BRIEF: Find "Горихвостка лысушка. Phoenicurus" in the entries below; copy that line through the last, exactly, with no pictures.

Brief descriptive captions:
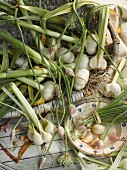 Elephant garlic in a basket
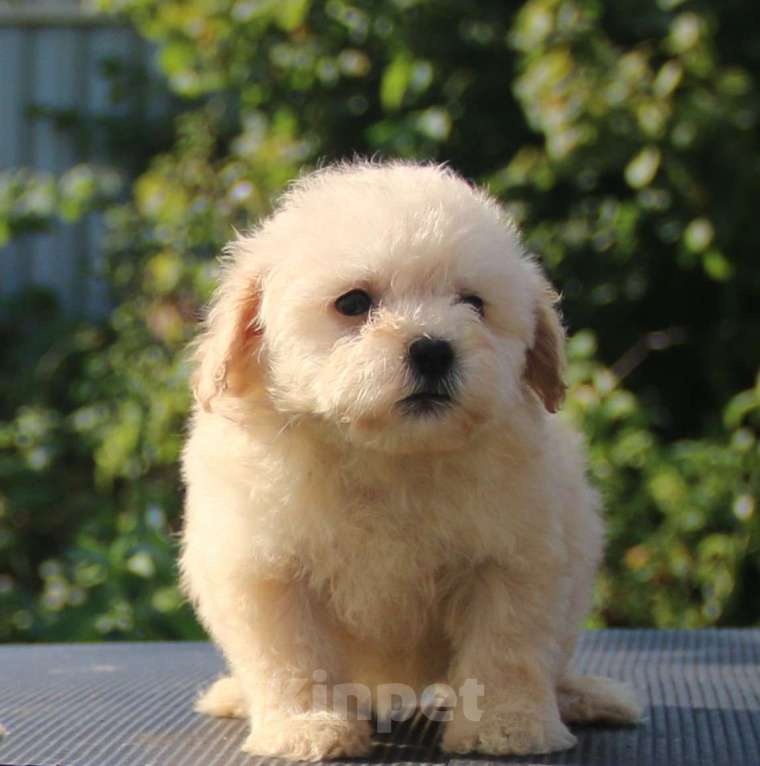 Собаки в Москве: мальтипу Ф1 щенки мини и микро Мальчик, 100 000 руб. - фото 10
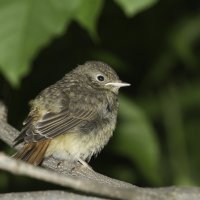 Горихвостка лысушка. Phoenicurus phoenicurus :: Александр Аксёнов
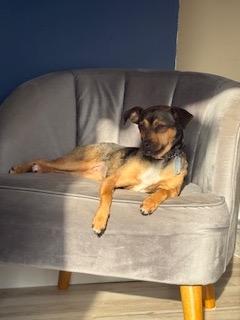 Enlarge Maple, a ADOPTABLE mixed breed in Manhasset, NY image 3/5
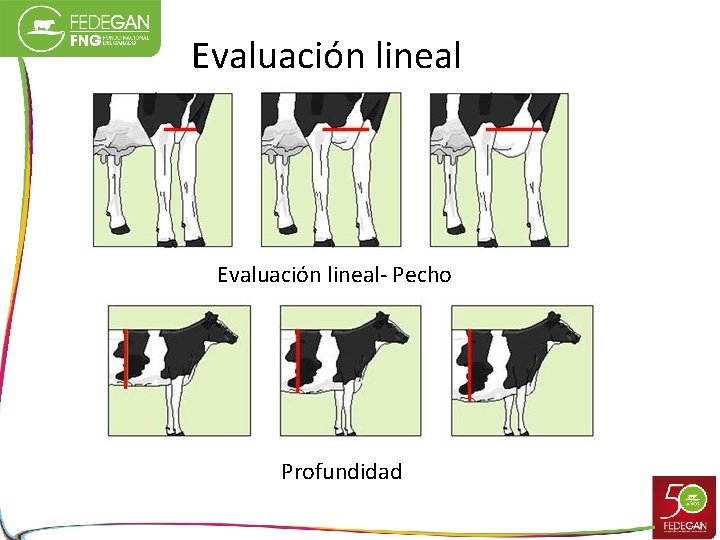 Evaluación lineal- Pecho Profundidad 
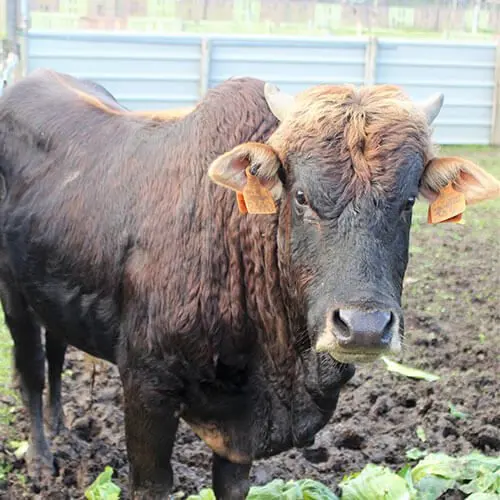Zebu na Quinta das Manas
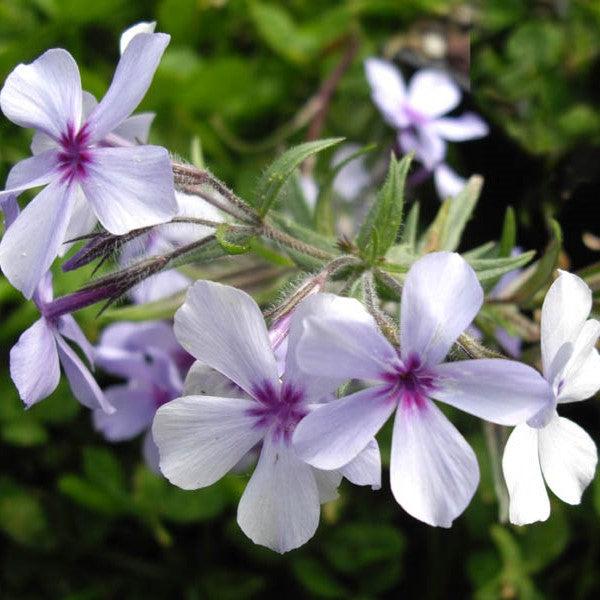 Phlox divaricata subsp. laphamii 'Chattahoochee' ~ Chattahoochee Woodland Phlox-ServeScape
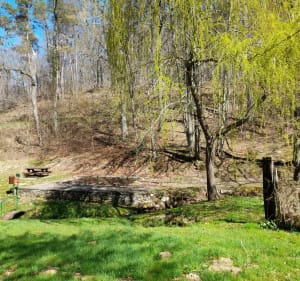 Balade bucolique par la forêt des Colettes - Coutansouze - 3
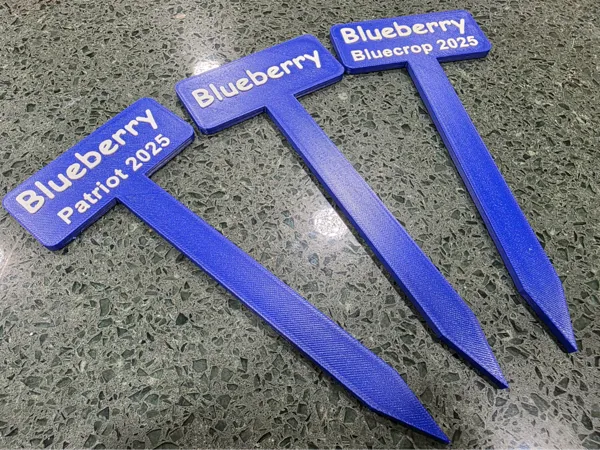 https://makerworld.bblmw.com/makerworld/model/US599c3401548c0b/design/2025-03-15_66177320d0fb7.jpg
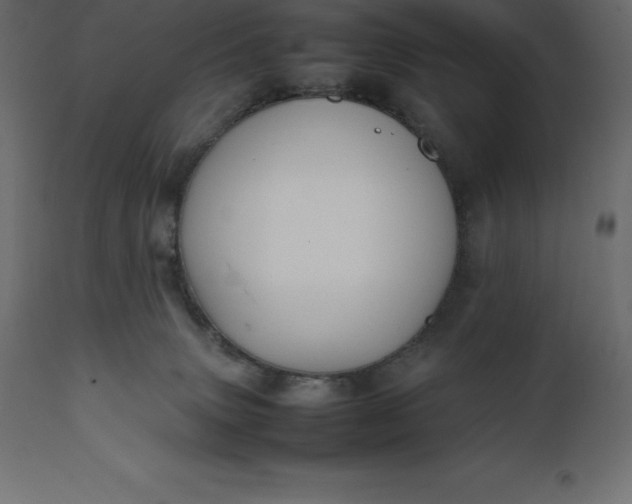 X0000111530083200907281412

EXERCISE RESULT:
 Горихвостка лысушка. Phoenicurus phoenicurus :: Александр Аксёнов
 Enlarge Maple, a ADOPTABLE mixed breed in Manhasset, NY image 3/5
 Evaluación lineal- Pecho Profundidad 
Zebu na Quinta das Manas
 Phlox divaricata subsp. laphamii 'Chattahoochee' ~ Chattahoochee Woodland Phlox-ServeScape
 Balade bucolique par la forêt des Colettes - Coutansouze - 3
 https://makerworld.bblmw.com/makerworld/model/US599c3401548c0b/design/2025-03-15_66177320d0fb7.jpg
 X0000111530083200907281412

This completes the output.